CT-Based Attentuation Correction for PET-CT Scanners

Jonathan P. J. Carney

David W. Townsend

In dual-modality PET-CT tomographs, the PET emission data can be routinely corrected for photon-attenuation effects by using the CT images acquired as part of the PET-CT scan protocol. The advantages of such an approach include attenuation-correction factors that are essentially noiseless, owing to the high photon flux used for CT, and short transmission scan times compared with standard PET scanning. As part of the attenuation-correction procedure, it is necessary to scale the CT images from the mean CT energy of approximately 70 keV to the PET photon energy of 511 keV. This is typically achieved using a bilinear function that associates a unique 511-keV linear attenuation value with each measured Hounsfield unit. The use of a bilinear function originates from the different constituent characteristics of soft tissue and bone. After scaling, the attenuation-correction factors are generated by integration (forward projection) along each line of response in the emission data. In practice, however, the CT images may be acquired with intravenous or oral contrast present and they may contain artifacts because of truncation of the arms and patient respiration. Furthermore, there may be foreign objects present, such as dental implants or prosthetic devices. For these reasons, even a scaling algorithm that correctly identifies the proper 511-keV linear attenuation values for human tissue may still not allow for exact attenuation correction. In particular, there is the possibility of introducing spurious hot spots in the attenuation-corrected PET images corresponding to very dense structures seen on CT. Nevertheless, despite this potential for artifact, CT-based attenuation correction has become a routine practice, with resulting artifacts in the attenuation-corrected PET images either being too small to be of clinical significance or, in the case of more substantial artifacts, being easily interpreted as such and therefore not impairing diagnosis. Remedies, including modified scan protocols and scaling procedures, have been proposed to reduce or eliminate these artifacts, in spite of their limited significance in routine oncologic imaging. These remedies become more important in cases where the need for precise attenuation correction is more critical, an example being cardiac PET-CT imaging, where the elimination of metal artifacts and motion artifacts may be necessary for proper clinical interpretation.

Introduction

The recent introduction of combined, dual-modality PET-CT tomographs allows the PET emission data to be routinely corrected for photon-attenuation effects by using the CT images acquired as part of the PET-CT scan protocol (1).
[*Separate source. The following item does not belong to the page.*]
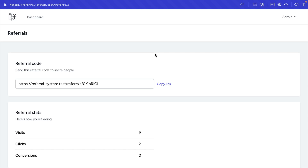Hey everyone, this is Tapant Sharma here and welcome to my new course about building a referral system with Laravel.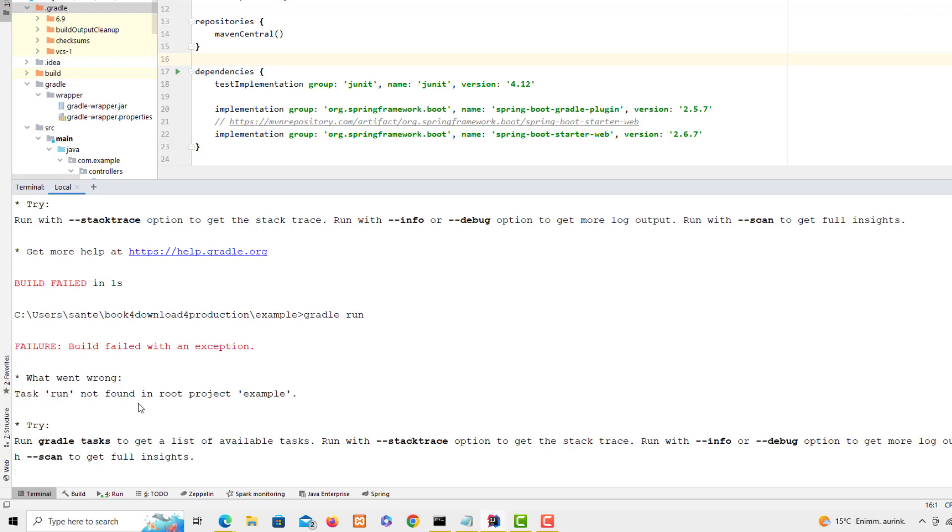That means the task run, so I'm trying to use the task run in Gradle and it seems that it doesn't exist in my project. So I'll show you what I mean.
The advantages of such an approach include (a) attenuation-correction factors that are essentially noiseless owing to the high photon flux used for CT and (b) short transmission scan times compared with standard PET scanning, which reduce overall imaging times. Because attenuation is an energy-dependent effect, the CT-based correction factors
will be biased unless the energy difference between CT (approximately 70 keV) and PET (511 keV) is accounted for by an appropriate scaling of the CT images, as described later. After scaling, the attenuation-correction factors are generated by integration (forward projection) of the CT image volume along each line of response in the emission data.

Although in principle such a straightforward method can be used to generate CT-based attenuation-correction factors, a number of practical issues may limit the accuracy of the approach. Clinical CT scans of the thoracic region are generally acquired with the arms above the head and with breath-hold at full inspiration; clinical CT of the head and neck is performed after injection of intravenous contrast; and clinical CT of the abdomen and pelvis is generally performed after administration of both oral and intravenous contrast. However, such clinical protocols may affect the accuracy of the CT-based attenuation-correction factors unless appropriate modifications are made to the standard scaling algorithm (discussed later). The duration of the PET scan may not easily be tolerated by patients with their arms above their heads, and the scan may be performed with arms in the field of view. If the PET-CT scan is to be used for radiation treatment planning, it is desirable to have the patient in the treatment position. For the CT images, this can result in complete or partial truncation of the arms or other regions due to the 50-cm-diameter transverse field of view. Attenuation-correction factors generated from truncated CT images may be inaccurate. When the CT scan is acquired with breath-hold at full inspiration and the PET scan is acquired during free breathing owing to a typical scan duration of several minutes, the images will not match, especially in the thorax, again resulting in potentially inaccurate correction factors. Finally, the use of intravenous or oral contrast will introduce pixels into the CT images with enhanced Hounsfield units that may scale incorrectly for attenuation purposes, as may also be the case with x-ray–dense foreign objects such as dental implants and prostheses. Various modifications to the basic scaling procedure and PET-CT scan protocol have been proposed to eliminate or minimize the bias that can result, although these effects are generally seen to have little clinical significance in routine PET-CT imaging, which is primarily focused on oncology. In more specialized applications, such as the use of PET-CT in cardiac imaging, these considerations may take on increased importance.

This chapter summarizes the standard algorithm for CT-based attenuation correction and then discusses modifications and protocols intended to address the issues of patient movement, including respiration; truncation of the CT images; and the presence of intravenous or oral contrast (or both) and foreign objects in the CT images. These modifications to the standard algorithm are required to ensure accurate and unbiased CT-based attenuation-correction factors, although in most cases artifacts associated with the standard approach are not of clinical concern or are well understood and well tolerated.

Figure 7.1 Bilinear transformation to convert measured CT Hounsfield units into 511-keV linear attenuation values for the purpose of performing CT-based attenuation correction as defined by Kinahan et al. (solid line; see ref. 2) and Burger et al. (dashed line; see ref. 3).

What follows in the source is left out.